Problem to work on → The expected answer is the set of lines in the data below between the line holding "Sunflower 1st Birthday" and the line holding "Navy Blue Gold", inclusive, written out exactly.

Extracted entries →
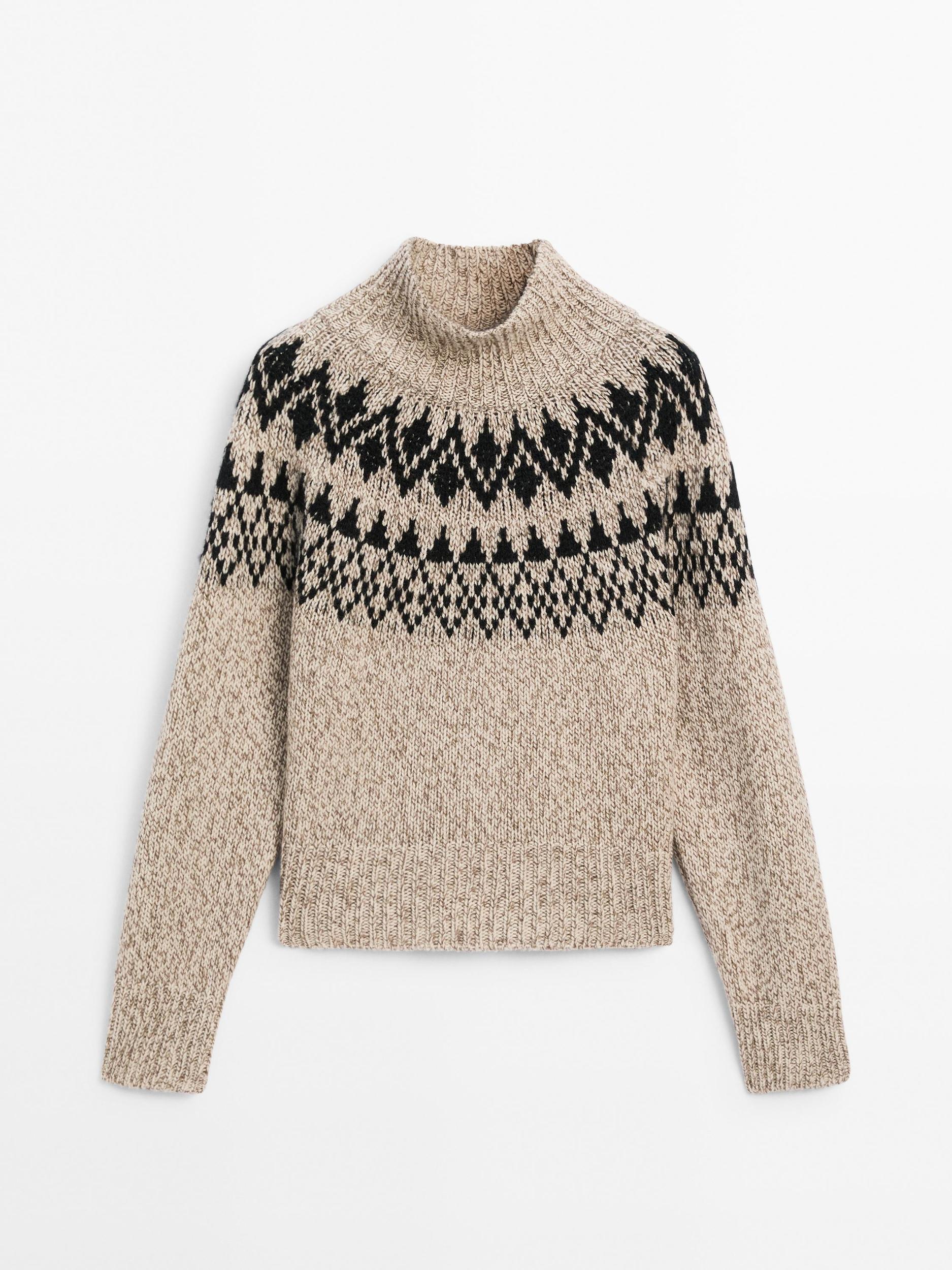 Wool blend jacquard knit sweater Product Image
...
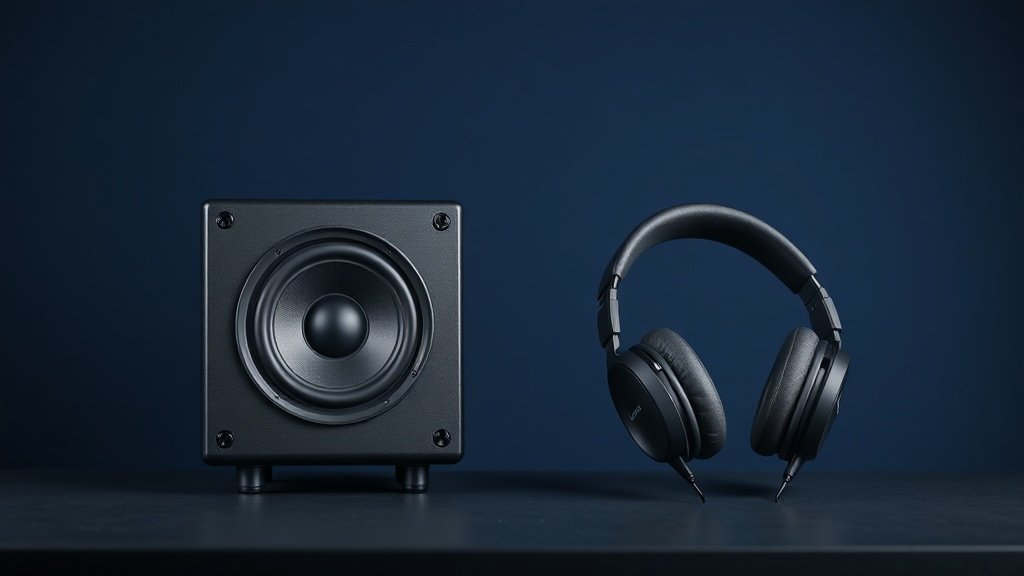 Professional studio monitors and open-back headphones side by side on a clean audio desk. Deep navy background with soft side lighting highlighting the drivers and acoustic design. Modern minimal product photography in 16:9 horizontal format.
--
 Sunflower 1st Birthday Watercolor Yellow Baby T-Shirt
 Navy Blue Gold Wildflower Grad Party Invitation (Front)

Reply →
 Sunflower 1st Birthday Watercolor Yellow Baby T-Shirt
 Navy Blue Gold Wildflower Grad Party Invitation (Front)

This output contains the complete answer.